August 2020 – Extraordinary Rally

Market commentary

This is the fifth consecutive month of market rally since March’s minimums, with prices on the rise backed by better than expected corporate results and positive developments in vaccine investigation and testing.

In August, our portfolio hedges have been below our historical average as, contrary to market consensus, our core belief is that global economy will recover and the Covid-19 will be contained earlier than is currently discounted. Against this backdrop, we have been dynamically managing USD hedges, taking long EUR positions as tensions relaxed in the markets and the FED took on a more active role than the ECB in monetary easing policies.

Since markets were already reaching the levels we had anticipated for the Q4 in August, we gradually increased portfolio hedging to around 25% –still below our historical average, although sensibly higher than previous month’s hedging levels. We have also been increasing our exposure to cyclical companies with encouraging post-Covid growth perspectives.

As of the date of writing this commentary, September 7, markets have already rotated from Growth and Momentum to Value twice, and our August positioning has helped mitigate part of the blow. However, we feel this market correction will be short lived since economy is recovering and market momentum is positive. Corrections are not rare and indeed are –to a certain extent– salutary as they open opportunities to purchase companies with above average growth ratios at attractive prices. Regained optimism will also favor many growth companies that had had to lower their growth plans because of the lockdown: by August we had already added Amadeus and Booking to Sigma Fund Quality Stocks and Fox Factory and Align Technologies in Sigma Fund Prudent Growth.
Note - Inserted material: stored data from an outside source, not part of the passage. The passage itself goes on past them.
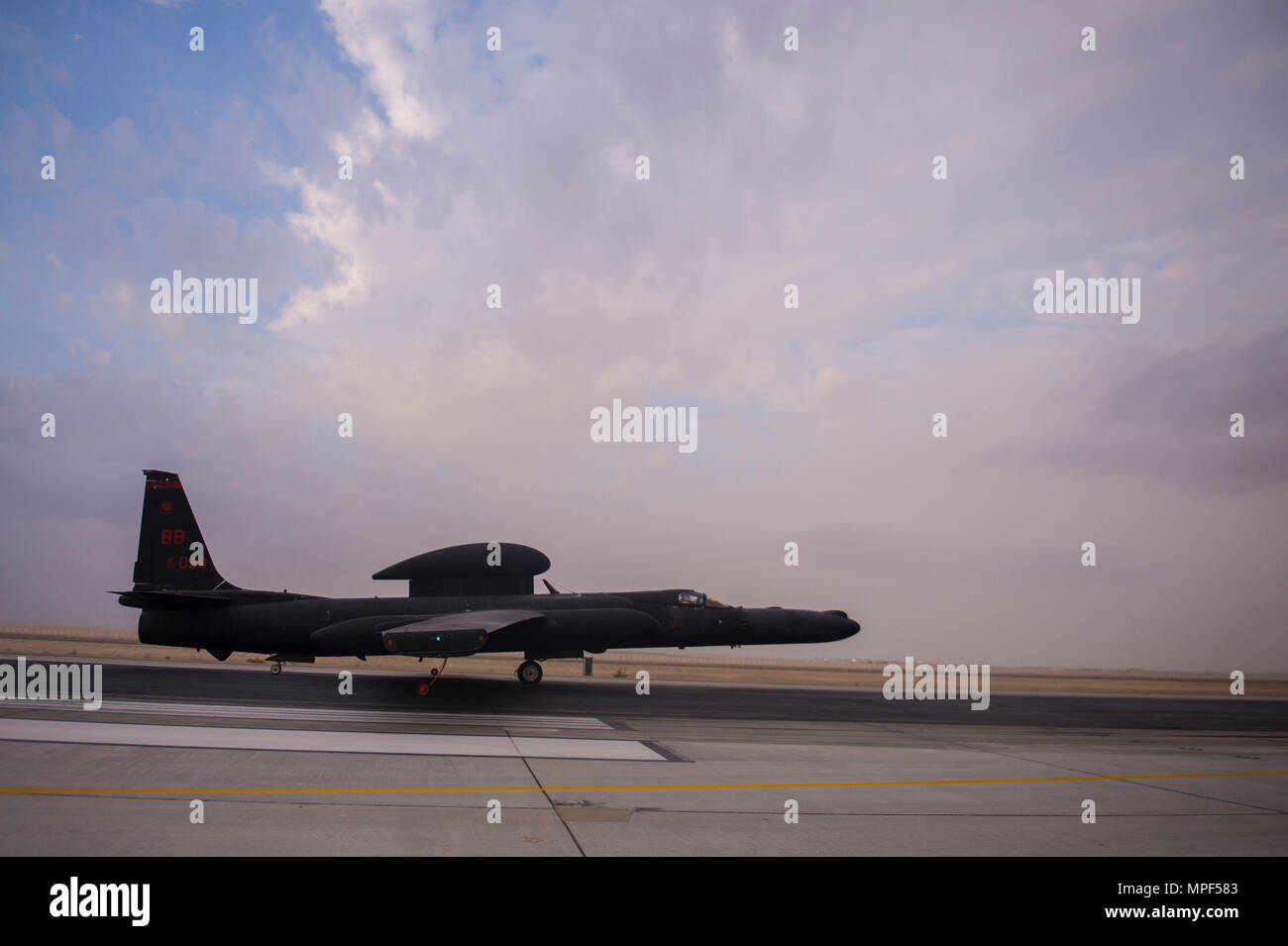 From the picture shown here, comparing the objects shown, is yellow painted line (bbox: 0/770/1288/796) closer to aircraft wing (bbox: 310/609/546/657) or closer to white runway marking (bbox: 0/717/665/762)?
white runway marking (bbox: 0/717/665/762)

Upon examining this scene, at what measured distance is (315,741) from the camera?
42.2 ft

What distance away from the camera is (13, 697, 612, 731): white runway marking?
15664 mm

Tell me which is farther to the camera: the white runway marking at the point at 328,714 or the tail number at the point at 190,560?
the tail number at the point at 190,560

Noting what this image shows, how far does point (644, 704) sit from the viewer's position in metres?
20.9

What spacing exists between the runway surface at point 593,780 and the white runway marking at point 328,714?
11 centimetres

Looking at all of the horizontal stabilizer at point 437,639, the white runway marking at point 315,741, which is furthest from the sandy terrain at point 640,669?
the white runway marking at point 315,741

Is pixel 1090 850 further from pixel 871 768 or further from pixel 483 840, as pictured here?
pixel 483 840

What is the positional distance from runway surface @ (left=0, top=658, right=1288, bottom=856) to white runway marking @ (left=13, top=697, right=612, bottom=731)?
108 mm

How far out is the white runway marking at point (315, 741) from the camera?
39.7ft

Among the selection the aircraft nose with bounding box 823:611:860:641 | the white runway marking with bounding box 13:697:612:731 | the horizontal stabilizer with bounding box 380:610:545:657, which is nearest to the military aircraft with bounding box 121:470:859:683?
the aircraft nose with bounding box 823:611:860:641

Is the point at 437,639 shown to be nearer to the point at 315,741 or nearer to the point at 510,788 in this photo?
the point at 315,741

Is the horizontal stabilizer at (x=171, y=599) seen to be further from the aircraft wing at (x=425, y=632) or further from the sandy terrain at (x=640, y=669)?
the sandy terrain at (x=640, y=669) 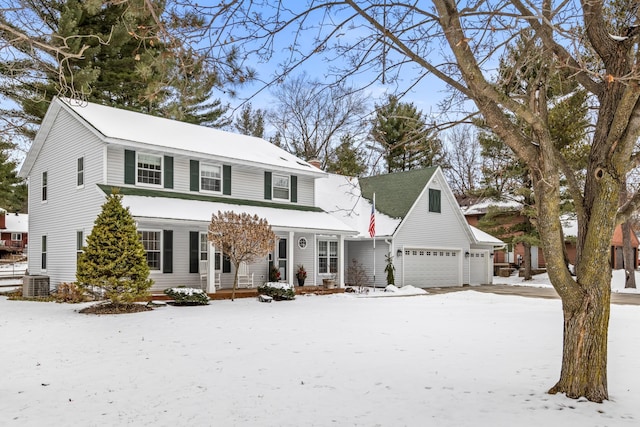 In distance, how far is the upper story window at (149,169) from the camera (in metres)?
18.3

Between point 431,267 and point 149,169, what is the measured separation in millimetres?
14492

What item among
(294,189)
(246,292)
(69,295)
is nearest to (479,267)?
(294,189)

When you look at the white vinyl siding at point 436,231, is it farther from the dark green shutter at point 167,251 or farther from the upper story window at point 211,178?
the dark green shutter at point 167,251

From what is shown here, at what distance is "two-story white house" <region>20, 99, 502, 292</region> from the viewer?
17.8 metres

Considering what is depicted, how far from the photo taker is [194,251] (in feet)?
62.7

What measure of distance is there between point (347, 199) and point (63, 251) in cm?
1349

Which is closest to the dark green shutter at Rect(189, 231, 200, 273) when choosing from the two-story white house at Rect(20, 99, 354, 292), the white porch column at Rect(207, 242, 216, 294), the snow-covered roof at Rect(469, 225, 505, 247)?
the two-story white house at Rect(20, 99, 354, 292)

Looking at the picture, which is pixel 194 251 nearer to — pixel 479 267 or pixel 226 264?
pixel 226 264

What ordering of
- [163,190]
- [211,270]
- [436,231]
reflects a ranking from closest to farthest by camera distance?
[211,270] → [163,190] → [436,231]

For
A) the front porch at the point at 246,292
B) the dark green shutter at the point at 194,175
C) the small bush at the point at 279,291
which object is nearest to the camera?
the front porch at the point at 246,292

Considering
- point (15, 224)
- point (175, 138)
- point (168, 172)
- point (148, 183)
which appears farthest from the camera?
point (15, 224)

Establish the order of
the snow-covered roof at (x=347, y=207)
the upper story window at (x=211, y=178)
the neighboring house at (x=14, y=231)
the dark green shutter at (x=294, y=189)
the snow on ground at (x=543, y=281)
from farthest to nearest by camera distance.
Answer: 1. the neighboring house at (x=14, y=231)
2. the snow on ground at (x=543, y=281)
3. the snow-covered roof at (x=347, y=207)
4. the dark green shutter at (x=294, y=189)
5. the upper story window at (x=211, y=178)

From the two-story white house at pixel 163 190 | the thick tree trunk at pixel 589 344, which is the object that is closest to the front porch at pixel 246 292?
the two-story white house at pixel 163 190

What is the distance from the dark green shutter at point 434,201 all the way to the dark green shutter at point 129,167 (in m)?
14.5
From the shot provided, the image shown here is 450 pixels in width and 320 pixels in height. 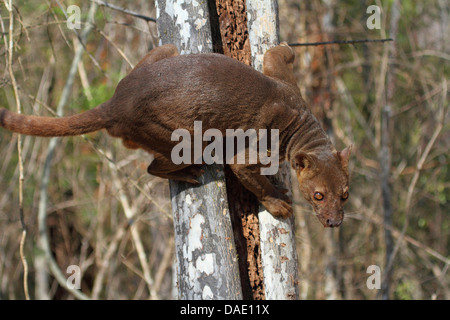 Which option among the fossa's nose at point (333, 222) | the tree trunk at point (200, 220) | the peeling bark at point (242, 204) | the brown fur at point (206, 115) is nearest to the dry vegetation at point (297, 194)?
the peeling bark at point (242, 204)

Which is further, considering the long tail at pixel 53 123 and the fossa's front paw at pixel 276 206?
the fossa's front paw at pixel 276 206

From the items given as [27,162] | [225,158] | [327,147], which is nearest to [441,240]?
[327,147]

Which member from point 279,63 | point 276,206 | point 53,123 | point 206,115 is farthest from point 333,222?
point 53,123

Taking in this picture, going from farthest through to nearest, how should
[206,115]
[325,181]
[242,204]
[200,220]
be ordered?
[242,204] < [325,181] < [206,115] < [200,220]

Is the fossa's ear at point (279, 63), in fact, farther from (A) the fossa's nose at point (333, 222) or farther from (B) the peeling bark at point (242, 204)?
(A) the fossa's nose at point (333, 222)

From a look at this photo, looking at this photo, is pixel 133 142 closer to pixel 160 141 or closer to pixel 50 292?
pixel 160 141

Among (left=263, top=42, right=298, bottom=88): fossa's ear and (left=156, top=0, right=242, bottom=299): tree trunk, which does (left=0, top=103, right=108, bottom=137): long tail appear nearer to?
(left=156, top=0, right=242, bottom=299): tree trunk

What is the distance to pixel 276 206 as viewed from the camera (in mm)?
3652

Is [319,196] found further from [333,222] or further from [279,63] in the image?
[279,63]

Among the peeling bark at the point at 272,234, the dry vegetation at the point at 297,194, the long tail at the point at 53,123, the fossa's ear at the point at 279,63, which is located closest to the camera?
the long tail at the point at 53,123

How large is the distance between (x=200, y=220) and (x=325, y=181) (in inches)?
45.0

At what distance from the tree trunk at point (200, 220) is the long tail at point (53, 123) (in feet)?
2.61

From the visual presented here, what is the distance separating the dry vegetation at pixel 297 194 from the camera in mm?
7086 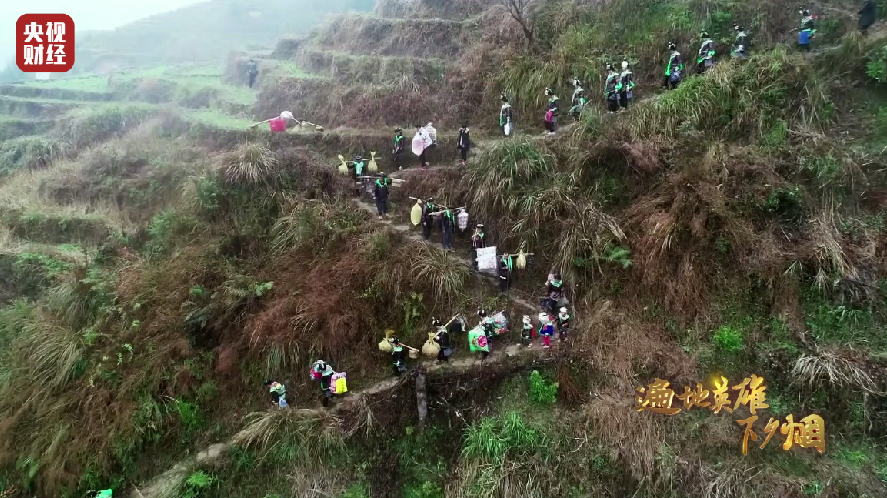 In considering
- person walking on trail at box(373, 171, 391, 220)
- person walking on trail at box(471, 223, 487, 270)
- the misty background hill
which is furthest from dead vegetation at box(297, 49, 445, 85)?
the misty background hill

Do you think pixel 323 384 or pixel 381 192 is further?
pixel 381 192

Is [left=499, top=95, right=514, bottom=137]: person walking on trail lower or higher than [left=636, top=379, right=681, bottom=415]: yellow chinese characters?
higher

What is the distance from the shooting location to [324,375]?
9172mm

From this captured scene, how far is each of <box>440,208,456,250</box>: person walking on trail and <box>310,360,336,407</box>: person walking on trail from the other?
4.17m

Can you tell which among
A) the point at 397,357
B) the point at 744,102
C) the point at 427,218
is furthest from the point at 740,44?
the point at 397,357

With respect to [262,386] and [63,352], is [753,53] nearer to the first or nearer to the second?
[262,386]

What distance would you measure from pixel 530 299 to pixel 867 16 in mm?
10637

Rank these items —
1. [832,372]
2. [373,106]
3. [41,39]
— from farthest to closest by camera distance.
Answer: [41,39] < [373,106] < [832,372]

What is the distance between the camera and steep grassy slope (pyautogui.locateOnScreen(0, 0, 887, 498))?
7.80 metres

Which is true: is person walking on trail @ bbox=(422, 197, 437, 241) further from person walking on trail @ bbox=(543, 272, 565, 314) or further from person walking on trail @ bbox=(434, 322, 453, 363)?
person walking on trail @ bbox=(543, 272, 565, 314)

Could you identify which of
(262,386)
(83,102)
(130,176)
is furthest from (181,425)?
(83,102)

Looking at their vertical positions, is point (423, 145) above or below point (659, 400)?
above

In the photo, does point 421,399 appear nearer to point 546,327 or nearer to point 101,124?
point 546,327

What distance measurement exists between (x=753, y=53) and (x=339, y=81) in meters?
14.0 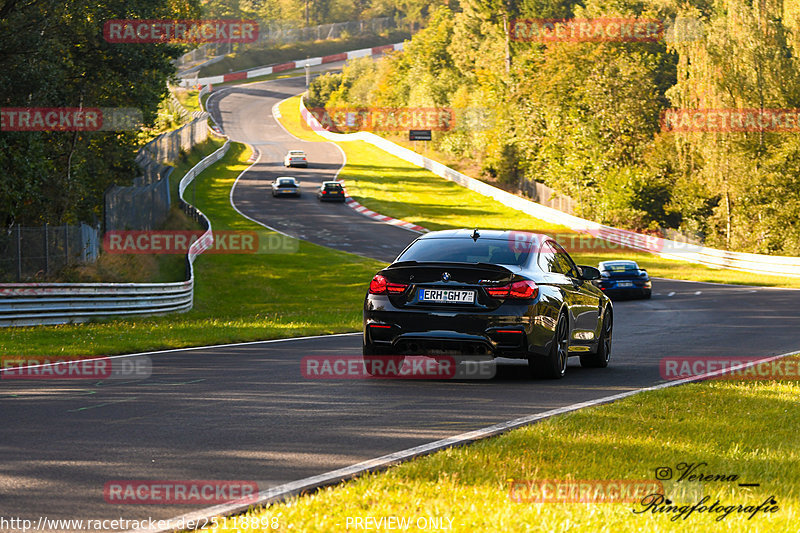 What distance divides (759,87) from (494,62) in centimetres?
3957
Looking forward a few months, we believe that current market dynamics will continue, albeit marginally clouded by US elections. We are gradually increasing our exposure to growth companies that are called to benefit from an early contention of Covid-19, to allow us to increase index hedging vs. USD hedging levels in our portfolios. With Central Banks committed to promoting employment and economic growth, and to easing inflation limitations to allow for a longer expansion, global indices –especially in the US and China– should comfortably beat their maximums next year, even if such rises are accompanied both by volatility and short lived corrections. In this scenario, our best recipe is to focus on the long term and invest in companies with the sturdiest growth perspectives. FAANG companies, now abandoned by some investors, will continue to set the pace in the short and medium term, and an investor’s best friend is a company that is growing; beware of entering companies that are posting losses or are not growing simply because shares are cheap.

Headline news next month is that Sigma Fund Real Return will open positions in the Tactical strategy. This strategy has been developed and streamlined internally by Altex after Juan Durán joined our team, and it seeks to optimize market exposure using a risk thermometer based on objective and measurable market data. Combining relative performance, momentum, volatility and risk factors, this thermometer calculates market temperatures ranging from 0 to 100, where low temperatures will allow for a higher market exposure and higher temperatures will call for defensive –including short– positions. This thermometer is a great complement for our portfolios, that permits us engage in an even more dynamic management style.